**What you should do**
All lines in the records that carry the string "Bedrossian" are to be shown.

Brief descriptive captions:
......

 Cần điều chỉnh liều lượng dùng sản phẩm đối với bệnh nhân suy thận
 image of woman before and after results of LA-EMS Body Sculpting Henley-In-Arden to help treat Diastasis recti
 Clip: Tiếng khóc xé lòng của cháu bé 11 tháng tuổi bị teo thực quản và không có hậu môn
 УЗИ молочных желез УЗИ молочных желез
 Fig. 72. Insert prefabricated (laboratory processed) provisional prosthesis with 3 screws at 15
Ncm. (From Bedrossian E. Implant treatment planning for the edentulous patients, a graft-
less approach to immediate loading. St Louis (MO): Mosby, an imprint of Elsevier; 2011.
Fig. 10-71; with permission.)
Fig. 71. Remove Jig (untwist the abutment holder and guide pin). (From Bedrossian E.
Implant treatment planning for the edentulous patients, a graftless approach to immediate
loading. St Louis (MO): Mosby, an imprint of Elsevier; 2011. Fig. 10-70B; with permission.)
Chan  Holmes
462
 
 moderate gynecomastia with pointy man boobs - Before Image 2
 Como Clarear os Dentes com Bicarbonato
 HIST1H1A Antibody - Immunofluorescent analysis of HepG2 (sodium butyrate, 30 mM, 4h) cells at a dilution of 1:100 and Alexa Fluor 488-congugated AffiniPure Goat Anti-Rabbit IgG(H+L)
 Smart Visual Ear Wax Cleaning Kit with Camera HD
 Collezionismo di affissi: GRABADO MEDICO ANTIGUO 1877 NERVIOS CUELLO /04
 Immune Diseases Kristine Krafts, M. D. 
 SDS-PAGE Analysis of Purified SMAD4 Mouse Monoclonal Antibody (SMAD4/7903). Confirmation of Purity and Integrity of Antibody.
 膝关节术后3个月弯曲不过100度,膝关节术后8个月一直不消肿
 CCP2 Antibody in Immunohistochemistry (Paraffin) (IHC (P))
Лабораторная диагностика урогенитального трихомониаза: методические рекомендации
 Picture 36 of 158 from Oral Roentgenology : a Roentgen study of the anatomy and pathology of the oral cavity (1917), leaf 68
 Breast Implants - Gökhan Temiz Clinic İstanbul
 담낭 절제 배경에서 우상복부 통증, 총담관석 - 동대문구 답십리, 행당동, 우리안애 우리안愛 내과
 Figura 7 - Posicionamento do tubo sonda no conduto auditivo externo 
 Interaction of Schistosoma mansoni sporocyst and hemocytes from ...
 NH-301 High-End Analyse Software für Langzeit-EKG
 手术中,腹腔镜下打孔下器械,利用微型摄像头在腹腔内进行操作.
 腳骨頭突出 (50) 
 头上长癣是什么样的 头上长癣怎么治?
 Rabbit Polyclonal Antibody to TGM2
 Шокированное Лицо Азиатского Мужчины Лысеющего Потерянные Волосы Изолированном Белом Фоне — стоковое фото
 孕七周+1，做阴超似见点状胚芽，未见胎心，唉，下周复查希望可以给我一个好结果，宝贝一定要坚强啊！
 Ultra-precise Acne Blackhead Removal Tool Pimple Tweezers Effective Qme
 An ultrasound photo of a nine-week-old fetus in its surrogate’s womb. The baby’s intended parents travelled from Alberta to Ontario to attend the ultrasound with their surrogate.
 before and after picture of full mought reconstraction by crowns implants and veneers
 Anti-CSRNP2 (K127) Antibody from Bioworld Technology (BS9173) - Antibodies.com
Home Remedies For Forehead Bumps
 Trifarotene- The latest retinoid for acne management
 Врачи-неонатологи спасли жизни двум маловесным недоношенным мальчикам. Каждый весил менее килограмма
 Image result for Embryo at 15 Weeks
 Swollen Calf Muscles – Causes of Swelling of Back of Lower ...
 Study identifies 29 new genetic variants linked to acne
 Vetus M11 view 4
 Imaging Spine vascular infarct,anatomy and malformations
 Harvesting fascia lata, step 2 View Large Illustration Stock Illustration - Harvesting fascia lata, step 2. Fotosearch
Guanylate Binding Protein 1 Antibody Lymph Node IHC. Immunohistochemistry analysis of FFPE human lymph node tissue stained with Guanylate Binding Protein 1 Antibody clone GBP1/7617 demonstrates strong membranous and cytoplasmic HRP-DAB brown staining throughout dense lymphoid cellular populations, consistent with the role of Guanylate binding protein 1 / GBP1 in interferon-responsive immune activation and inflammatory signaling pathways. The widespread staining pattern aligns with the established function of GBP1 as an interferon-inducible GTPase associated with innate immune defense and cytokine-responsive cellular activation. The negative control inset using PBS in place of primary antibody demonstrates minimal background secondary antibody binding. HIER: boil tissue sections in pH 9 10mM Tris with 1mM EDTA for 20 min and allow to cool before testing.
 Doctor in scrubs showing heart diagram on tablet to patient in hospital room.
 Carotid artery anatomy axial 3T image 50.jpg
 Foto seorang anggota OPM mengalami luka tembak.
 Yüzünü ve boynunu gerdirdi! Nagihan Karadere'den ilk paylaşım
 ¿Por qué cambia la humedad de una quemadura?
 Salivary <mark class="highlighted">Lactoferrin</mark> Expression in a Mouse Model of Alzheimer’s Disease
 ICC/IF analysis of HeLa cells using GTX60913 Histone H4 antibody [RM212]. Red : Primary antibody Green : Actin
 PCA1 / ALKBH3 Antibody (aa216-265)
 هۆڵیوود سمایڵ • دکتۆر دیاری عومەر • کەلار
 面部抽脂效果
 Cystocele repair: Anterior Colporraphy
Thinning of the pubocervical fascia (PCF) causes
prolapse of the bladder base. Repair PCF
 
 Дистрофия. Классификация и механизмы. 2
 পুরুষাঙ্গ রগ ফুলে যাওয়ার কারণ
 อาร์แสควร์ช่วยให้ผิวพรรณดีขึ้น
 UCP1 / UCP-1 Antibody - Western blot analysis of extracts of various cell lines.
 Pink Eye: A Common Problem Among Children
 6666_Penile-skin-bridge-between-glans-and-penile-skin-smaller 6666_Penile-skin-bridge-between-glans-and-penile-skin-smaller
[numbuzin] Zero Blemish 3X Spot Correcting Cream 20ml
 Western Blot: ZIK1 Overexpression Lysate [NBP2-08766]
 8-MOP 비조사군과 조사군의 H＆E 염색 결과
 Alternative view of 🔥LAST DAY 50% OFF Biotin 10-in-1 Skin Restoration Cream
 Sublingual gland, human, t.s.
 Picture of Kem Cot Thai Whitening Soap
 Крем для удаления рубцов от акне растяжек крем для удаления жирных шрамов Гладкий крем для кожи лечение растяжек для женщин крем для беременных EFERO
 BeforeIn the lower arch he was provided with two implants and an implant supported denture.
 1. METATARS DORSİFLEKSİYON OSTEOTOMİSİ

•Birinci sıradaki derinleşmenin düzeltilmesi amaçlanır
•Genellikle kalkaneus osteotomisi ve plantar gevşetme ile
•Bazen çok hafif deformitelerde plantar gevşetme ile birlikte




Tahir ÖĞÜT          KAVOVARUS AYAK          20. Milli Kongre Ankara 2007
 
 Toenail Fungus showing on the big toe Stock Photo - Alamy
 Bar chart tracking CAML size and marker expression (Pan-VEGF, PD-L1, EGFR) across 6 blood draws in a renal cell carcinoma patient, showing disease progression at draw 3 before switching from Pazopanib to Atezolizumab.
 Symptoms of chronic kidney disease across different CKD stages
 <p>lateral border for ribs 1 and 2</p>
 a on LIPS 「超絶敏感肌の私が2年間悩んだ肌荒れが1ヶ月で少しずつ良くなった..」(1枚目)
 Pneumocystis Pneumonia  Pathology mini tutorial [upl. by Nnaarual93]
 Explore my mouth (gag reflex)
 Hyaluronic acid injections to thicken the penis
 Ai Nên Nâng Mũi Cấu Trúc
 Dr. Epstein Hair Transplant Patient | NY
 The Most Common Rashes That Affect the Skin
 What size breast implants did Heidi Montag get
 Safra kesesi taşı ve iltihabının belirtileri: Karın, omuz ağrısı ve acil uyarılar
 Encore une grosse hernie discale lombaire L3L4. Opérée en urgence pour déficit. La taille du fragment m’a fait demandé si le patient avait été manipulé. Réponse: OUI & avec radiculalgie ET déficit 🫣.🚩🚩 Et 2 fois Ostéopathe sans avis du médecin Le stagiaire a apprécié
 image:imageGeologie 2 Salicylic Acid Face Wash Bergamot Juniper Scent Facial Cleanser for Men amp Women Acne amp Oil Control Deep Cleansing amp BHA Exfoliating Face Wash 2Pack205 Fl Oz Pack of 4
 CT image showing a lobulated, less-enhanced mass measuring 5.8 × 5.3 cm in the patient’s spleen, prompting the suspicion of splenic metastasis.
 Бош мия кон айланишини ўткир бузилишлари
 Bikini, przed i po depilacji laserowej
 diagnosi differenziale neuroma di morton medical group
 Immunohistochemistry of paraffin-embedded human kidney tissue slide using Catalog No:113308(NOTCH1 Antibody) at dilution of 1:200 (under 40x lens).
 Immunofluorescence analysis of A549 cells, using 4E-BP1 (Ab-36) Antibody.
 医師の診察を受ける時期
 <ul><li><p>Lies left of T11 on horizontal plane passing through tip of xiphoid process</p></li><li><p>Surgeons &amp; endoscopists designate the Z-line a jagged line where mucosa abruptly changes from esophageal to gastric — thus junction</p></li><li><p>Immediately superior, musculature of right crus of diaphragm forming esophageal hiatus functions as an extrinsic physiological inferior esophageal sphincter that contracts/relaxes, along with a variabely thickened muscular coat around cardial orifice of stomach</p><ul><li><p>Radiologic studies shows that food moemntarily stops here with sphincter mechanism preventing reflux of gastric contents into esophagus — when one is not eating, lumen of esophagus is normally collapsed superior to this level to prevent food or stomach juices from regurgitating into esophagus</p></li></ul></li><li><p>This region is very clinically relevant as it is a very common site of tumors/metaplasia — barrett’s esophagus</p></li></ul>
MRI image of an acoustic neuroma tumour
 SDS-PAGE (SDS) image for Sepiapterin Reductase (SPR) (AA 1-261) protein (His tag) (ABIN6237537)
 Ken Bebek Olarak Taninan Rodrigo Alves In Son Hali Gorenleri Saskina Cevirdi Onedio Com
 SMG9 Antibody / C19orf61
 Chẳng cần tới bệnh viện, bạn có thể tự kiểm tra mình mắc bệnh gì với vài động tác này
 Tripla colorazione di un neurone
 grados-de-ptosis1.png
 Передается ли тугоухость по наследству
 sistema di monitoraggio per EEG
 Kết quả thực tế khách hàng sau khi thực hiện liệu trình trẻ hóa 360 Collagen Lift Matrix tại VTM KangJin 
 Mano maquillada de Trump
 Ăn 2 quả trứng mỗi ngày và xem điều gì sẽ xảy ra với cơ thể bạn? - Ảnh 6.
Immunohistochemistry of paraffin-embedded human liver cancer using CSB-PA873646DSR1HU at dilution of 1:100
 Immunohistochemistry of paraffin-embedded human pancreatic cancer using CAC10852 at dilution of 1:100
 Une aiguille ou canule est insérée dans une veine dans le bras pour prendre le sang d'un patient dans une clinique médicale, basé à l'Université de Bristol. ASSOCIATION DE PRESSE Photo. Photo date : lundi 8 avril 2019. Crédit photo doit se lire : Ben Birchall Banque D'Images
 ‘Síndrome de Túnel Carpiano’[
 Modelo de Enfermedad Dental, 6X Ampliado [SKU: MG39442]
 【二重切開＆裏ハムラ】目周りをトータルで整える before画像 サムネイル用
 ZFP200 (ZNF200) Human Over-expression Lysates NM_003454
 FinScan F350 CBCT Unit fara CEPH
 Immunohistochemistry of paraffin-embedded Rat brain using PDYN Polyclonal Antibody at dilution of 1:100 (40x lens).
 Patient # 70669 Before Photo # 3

......

**Output for this task**
Ncm. (From Bedrossian E. Implant treatment planning for the edentulous patients, a graft-
Fig. 71. Remove Jig (untwist the abutment holder and guide pin). (From Bedrossian E.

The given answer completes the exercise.